達人出版会からFPGAでCPUを作ろう〜FPGAで、あなたも自分がデザインしたコンピュータを動かせる〜が出版されました。長らくβ版でしたが、6月22日にようやくβが取れ、正式版になりました。
内容
現在比較的入手しやすいFPGAボードを使って、自作CPUを動かしていきます。回路記述にVerilog-HDLやVHDLでなくNSLを使うところが特徴的です。NSLの説明は、Overtone様のWebで読むことができます。きっちりCPUを作り込むというよりは、作っていく様子がよく分かるようになっています。著者がソフトウェア寄りの人なので、時々ふっと違う発想が出てきて面白いです。本文にSICPやプログラミング言語AWKが出てくるFPGA本は、この本だけです。
CPUの創りかたと比べて
CPUを作ってみよう!系の本では、CPUの創りかたが有名です。ざっくり比較するとこうなります。

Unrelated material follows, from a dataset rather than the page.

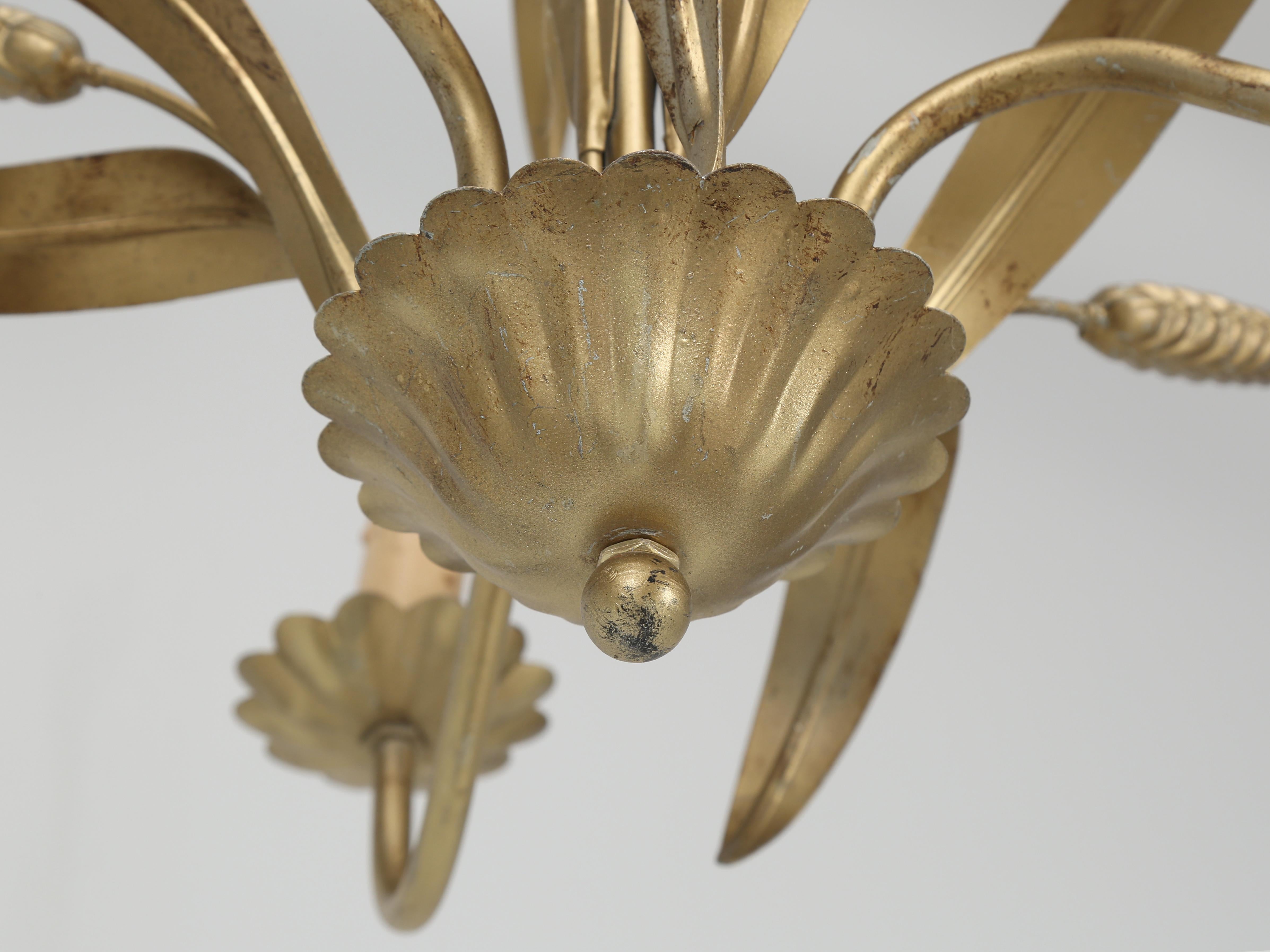 Pair of Italian Midcentury Coco Chanel Style Chandeliers C 1960s in Old Gilding For Sale 6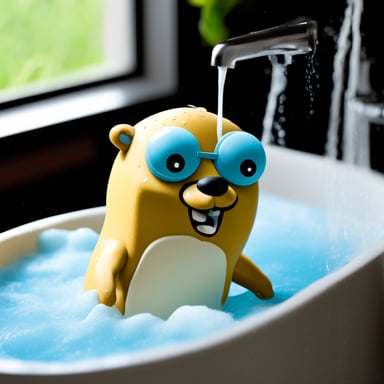 Go Blue Gopher taking a foam bath.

FPGAでCPUを作ろう | CPUの創りかた | |
動作環境 | FPGA | TTL |
動作記述言語 | NSL | 無し |
著者のフィールド | ソフト寄り | ハード寄り |
CPU | 8bit | 4bit |
サンプルプログラム | 乗算 | ラーメンタイマー |
女の子 | 無し | 有り |
大きく分けると電子工作でCPUを動かすのがCPUの創りかた、工作は最小限にし既存のFPGAボードで動かすのがFPGAでCPUを作ろうになります。また、CPUの創りかたが4bit CPUに限定することで、非常にコンパクトにCPUの動きを説明しているのに対し、FPGAでCPUを作ろうは最初から8bitで将来の拡張がトピックとして上がっています。
この本の良いところ
FPGAの内部構造やFPGA用CADの詳細に踏み込まず、とにかく動くようにしていくという姿勢は良かったです。ここに入り込むといくらページがあっても足りないので、ばっさり切るのはしょうがないです。また最後の参考文献が圧巻で、名著がずらりと並んでいます。この本一冊では、なかなか完成度を上げるところや実用的な回路、ライブラリの作り方まで踏み込めないので、参考文献が充実しているのは良いです。
達人出版会の本の買い方
最後に、達人出版会の本について少し書きます。今回β版から購入し、いくつかフィードバックを返しました。フィードバックはほぼ全て反映されていました。フィードバックには、ここ表現おかしくないですか?といった正誤の指摘の他に、なんでこの構成にしたのか?と言った質問も含まれていましたが、正式版には疑問だったところの説明が追加されていて、いろいろと面白く読めました。お忙しい所、ご対応ありがとうございました。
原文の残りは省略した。